BOND_LENGTH = 1.117 * 1e-10
# Log file output (only for certain stages).
LOG = True
# Number of buckets for the distribution plots.
BUCKET_NUM = 200
# Distribution plot limits.
LOWER_LIM_NOE = 0.0
UPPER_LIM_NOE = 600.0
LOWER_LIM_RDC = 0.0
UPPER_LIM_RDC = 1.0
# Set up and code execution.
analysis = Stereochem_analysis(
stage=STAGE,
num_ens=NUM_ENS,
num_models=NUM_MODELS,
configs=CONFIGS,
snapshot_dir=SNAPSHOT_DIR,
snapshot_min=SNAPSHOT_MIN,
snapshot_max=SNAPSHOT_MAX,
pseudo=PSEUDO,
noe_file=NOE_FILE,
noe_norm=NOE_NORM,
rdc_name=RDC_NAME,
rdc_file=RDC_FILE,
rdc_spin_id1_col=RDC_SPIN_ID1_COL,
rdc_spin_id2_col=RDC_SPIN_ID2_COL,
rdc_data_col=RDC_DATA_COL,
rdc_error_col=RDC_ERROR_COL,
bond_length=BOND_LENGTH,
log=LOG,
bucket_num=BUCKET_NUM,
lower_lim_noe=LOWER_LIM_NOE,
upper_lim_noe=UPPER_LIM_NOE,
lower_lim_rdc=LOWER_LIM_RDC,
upper_lim_rdc=UPPER_LIM_RDC
)
analysis.run()
\end{lstlisting}
In contrast to all of the other auto-analyses, here you do not set up your own data pipe containing all of the relevant data that is then passed into the auto-analysis.

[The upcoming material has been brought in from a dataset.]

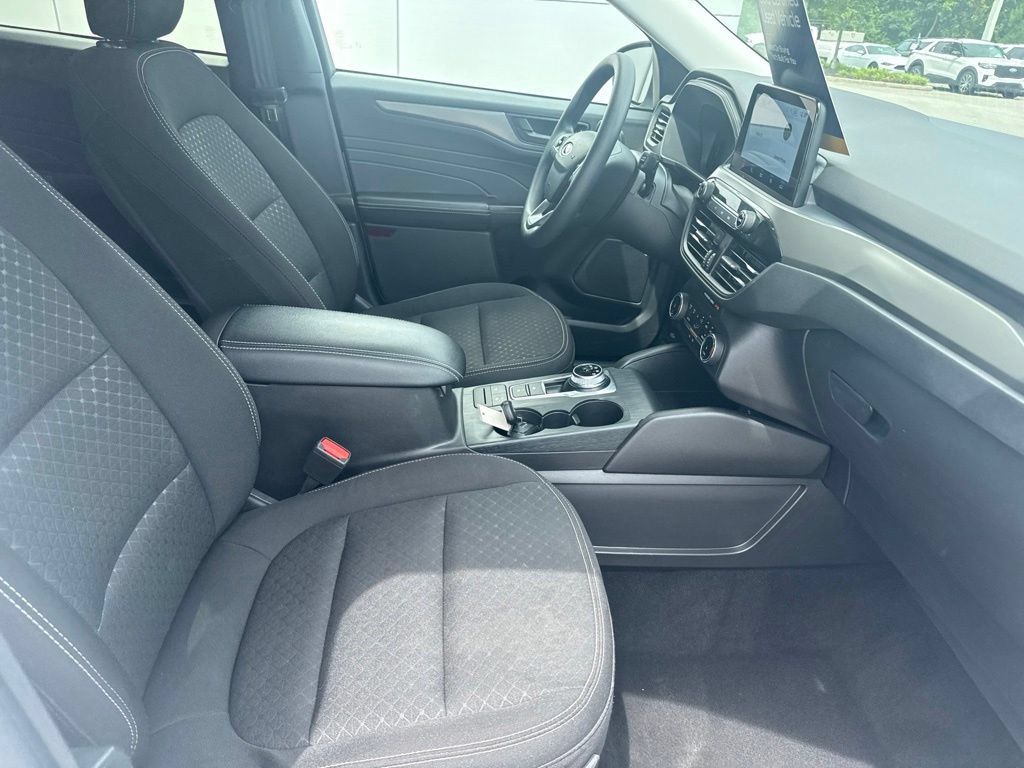 Certified 2025 Ford Escape Active FWD image 30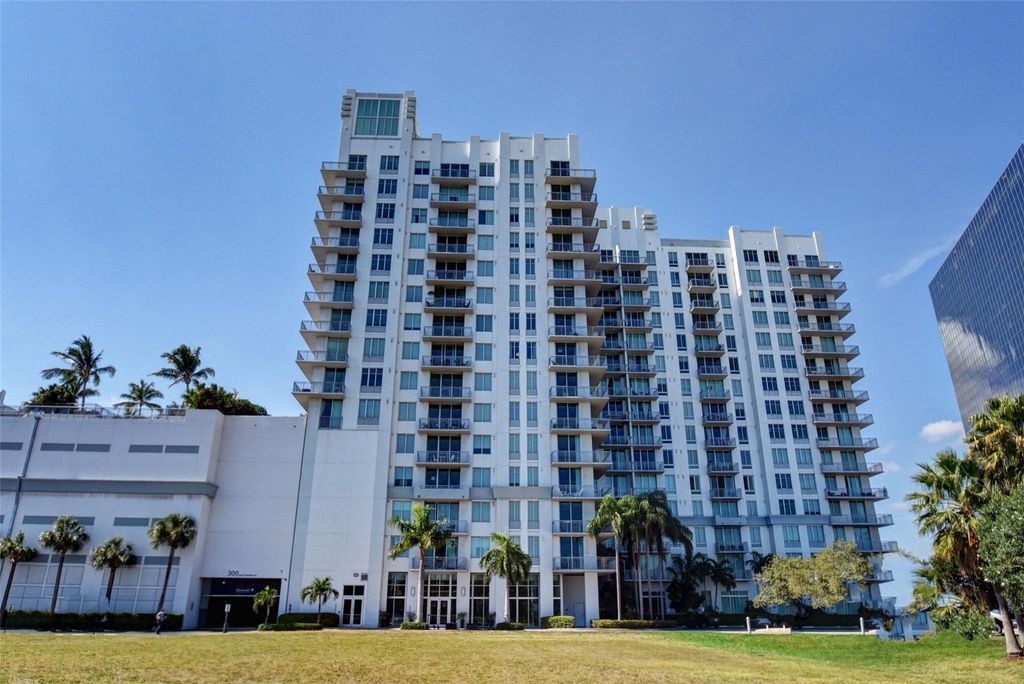 Photo of 300 S Australian Ave #906, West Palm Beach, FL 33401 (MLS # F10533809)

This may change in the future to allow for more flexibility in how you load structures, load the RDC and NOE base data, set up pseudo-atoms and bond lengths for the RDC, etc.
Note that you need to execute this script 6 times, changing the \pycode{STAGE} variable to match.
These stages are fully documented at the start of the script.
Due to the original analysis being performed prior to the addition of the \uf{structure\ufsep{}superimpose} user function to relax, you will see that the auto-analysis performs superimposition of each ensemble using the external software \software{Molmol}.
If you wish to perform this analysis without using \software{Molmol}, please contact the relax users mailing list ``\relaxUsersML''\index{mailing list!relax-users} (see Section~\ref{sect: relax-users mailing list} on page~\pageref{sect: relax-users mailing list}).
It would be rather straightforward for the relax developers to replace the complicated \software{Molmol} superimposition code with a single call to the \uf{structure\ufsep{}superimpose} user function.